Content starts

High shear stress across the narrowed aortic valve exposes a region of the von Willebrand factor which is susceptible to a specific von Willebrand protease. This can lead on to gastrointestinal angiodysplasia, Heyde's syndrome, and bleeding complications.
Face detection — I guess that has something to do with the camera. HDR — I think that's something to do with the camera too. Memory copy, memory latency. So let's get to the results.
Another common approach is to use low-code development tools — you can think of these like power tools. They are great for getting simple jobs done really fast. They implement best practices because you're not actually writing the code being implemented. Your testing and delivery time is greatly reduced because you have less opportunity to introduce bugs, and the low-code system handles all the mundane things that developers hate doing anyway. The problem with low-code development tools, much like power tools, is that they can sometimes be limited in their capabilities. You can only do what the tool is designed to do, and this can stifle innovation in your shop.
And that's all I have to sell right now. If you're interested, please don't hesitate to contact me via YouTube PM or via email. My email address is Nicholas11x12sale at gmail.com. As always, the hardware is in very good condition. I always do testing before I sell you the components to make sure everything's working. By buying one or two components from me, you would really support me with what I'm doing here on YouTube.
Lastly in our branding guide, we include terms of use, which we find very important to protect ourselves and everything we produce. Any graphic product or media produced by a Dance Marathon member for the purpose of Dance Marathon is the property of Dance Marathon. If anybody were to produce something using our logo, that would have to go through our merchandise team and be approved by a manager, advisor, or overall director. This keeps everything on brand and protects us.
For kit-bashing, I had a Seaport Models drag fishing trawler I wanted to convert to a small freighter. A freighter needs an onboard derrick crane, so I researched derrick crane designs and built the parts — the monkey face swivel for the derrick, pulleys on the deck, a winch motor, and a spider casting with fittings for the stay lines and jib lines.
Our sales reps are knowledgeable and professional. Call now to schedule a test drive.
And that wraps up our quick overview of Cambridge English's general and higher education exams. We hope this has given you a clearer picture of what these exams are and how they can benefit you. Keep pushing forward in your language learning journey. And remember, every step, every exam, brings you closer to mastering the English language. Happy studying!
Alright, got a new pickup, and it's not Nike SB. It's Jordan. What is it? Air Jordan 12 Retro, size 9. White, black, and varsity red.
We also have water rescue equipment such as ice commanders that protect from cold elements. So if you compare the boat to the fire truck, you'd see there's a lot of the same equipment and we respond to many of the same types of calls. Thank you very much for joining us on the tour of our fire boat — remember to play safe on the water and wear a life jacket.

Content ends

• _Exercise brief_
In the material above, please count the lines that hold the word "they" and answer with only that number.

• _Output of the task_
2